Re: Error Executing a Fragment Replicated Join

Posted by Renato Marroquín Mogrovejo <re...@gmail.com>.

Now that the Apache server is ok with me again, I can write back to
the list. I wrote to the Apache Infra team and they told me to write
messages just in plain text, disabling any html within the message
(not that I ever sent html but oh well), I guess that worked :)
Well, first thanks for answering. I am using pig 0.7 and my pig script
is as follows:

{code}
sr = LOAD 'pigData/sr.dat' using PigStorage('|') AS
(sr_ret_date_sk:int, sr_ret_tim_sk:int, sr_ite_sk:int, sr_cus_sk:int,
sr_cde_sk:int, sr_hde_sk:int, sr_add_sk:int, sr_sto_sk:int,
sr_rea_sk:int, sr_tic_num:int, sr_ret_qua:int, sr_ret_amt:double,
sr_ret_tax:double, sr_ret_amt_inc_tax:double, sr_fee:double,
sr_ret_sh_cst:double, sr_ref_csh:double, sr_rev_cha:double,
sr_sto_cred:double, sr_net_lss:double);

cd = LOAD 'pigData/cd.dat' using PigStorage('|') AS (cd_dem_sk:int,
cd_gnd:chararray, cd_mrt_sts:chararray, cd_edt_sts:chararray,
cd_pur_est:int, cd_cred_rtg:chararray, cd_dep_cnt:int,
cd_dep_emp_cnt:int, cd_dep_col_count:int);

proy_sR = FOREACH sr GENERATE sr_cde_sk;
proy_cD = FOREACH cd GENERATE cd_dem_sk;

join_sR_cD = JOIN proy_sR BY sr_cde_sk, proy_cD BY cd_dem_sk USING 'replicated';

STORE join_sR_cD INTO 'queryResults/query.11.sr.cd.5.1' using PigStorage('|');
{/code}

Being "cd" the relation of 77MB and "sr" the relation of 32MB. I had
some other similar queries in which the 32MB relation was being joined
with smaller relations (<10MB) giving the same problem, I modified
those, so the queries <10MB would be ones being replicated.
Thanks again.

Renato M.

2011/4/27 Thejas M Nair <te...@yahoo-inc.com>:
> The exception indicates that the hadoop job creation failed.
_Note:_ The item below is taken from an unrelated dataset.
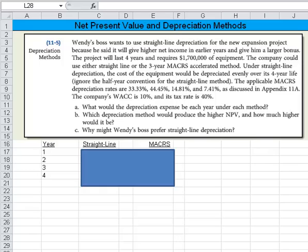Let's explore this net present value and different depreciation methods problem. Wendy's boss wants to use straight line depreciation for the new expansion project because he said it will give higher net income in earlier years and give a larger bonus. The project will last four years, require $1,700,000 of equipment. The company could either use the straight line or the three-year MACRS accelerated method.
Are you able to
> run simple MR queries using each of the inputs ?
> It could also caused by some problem pig is having with copying the file
> being replicated to distributed cache.
> -Thejas
>
>
> On 4/27/11 3:42 PM, "Renato Marroquín Mogrovejo"
> <re...@gmail.com> wrote:
>
> Does anybody have any suggestions? Please???
> Thanks again.
>
> Renato M.
>
> 2011/4/26 Alan Gates <ga...@yahoo-inc.com>
>>
>> Sent for Renato, since Apache's mail system has decided it doesn't like
>> him.
>>
>> Alan.
>>
>> I am getting an error while trying to execute a simple fragment replicated
>> join on two files (one of 77MB and the other one of 32MB). I am using the
>> 32MB file as the small one to be replicated, but I keep getting this
>> error.
>> Does any body know how this count is done? I mean how Pig determines that
>> the small file is not small enough, or how I could modify this?
>> I am executing these on four PC's with 3GB of RAM running DebianLenny.
>> Thanks in advance.
>>
>>
>> Renato M.
>>
>> Pig Stack Trace
>> ---------------
>> ERROR 2017: Internal error creating job configuration.
>>
>> org.apache.pig.backend.executionengine.ExecException: ERROR 2043:
>> Unexpected
>> error during execution.
>>      at
>>
>> org.apache.pig.backend.hadoop.executionengine.HExecutionEngine.execute(HExecutionEngine.java:332)
>>      at
>> org.apache.pig.PigServer.executeCompiledLogicalPlan(PigServer.java:835)
>>      at org.apache.pig.PigServer.execute(PigServer.java:828)
>>      at org.apache.pig.PigServer.access$100(PigServer.java:105)
>>      at org.apache.pig.PigServer$Graph.execute(PigServer.java:1080)
>>      at org.apache.pig.PigServer.executeBatch(PigServer.java:288)
>>      at
>> org.apache.pig.tools.grunt.GruntParser.executeBatch(GruntParser.java:109)
>>      at
>>
>> org.apache.pig.tools.grunt.GruntParser.parseStopOnError(GruntParser.java:166)
>>      at
>>
>> org.apache.pig.tools.grunt.GruntParser.parseStopOnError(GruntParser.java:138)
>>      at org.apache.pig.tools.grunt.Grunt.exec(Grunt.java:89)
>>      at org.apache.pig.Main.main(Main.java:391)
>> Caused by:
>>
>> org.apache.pig.backend.hadoop.executionengine.mapReduceLayer.JobCreationException:
>> ERROR 2017: Internal error creating job configuration.
>>      at
>>
>> org.apache.pig.backend.hadoop.executionengine.mapReduceLayer.JobControlCompiler.getJob(JobControlCompiler.java:624)
>>      at
>>
>> org.apache.pig.backend.hadoop.executionengine.mapReduceLayer.JobControlCompiler.compile(JobControlCompiler.java:246)
>>      at
>>
>> org.apache.pig.backend.hadoop.executionengine.mapReduceLayer.MapReduceLauncher.
>>
>>
>>
>
>
>
> --
>
>

Re: Error Executing a Fragment Replicated Join

Posted by Alan Gates <ga...@yahoo-inc.com>.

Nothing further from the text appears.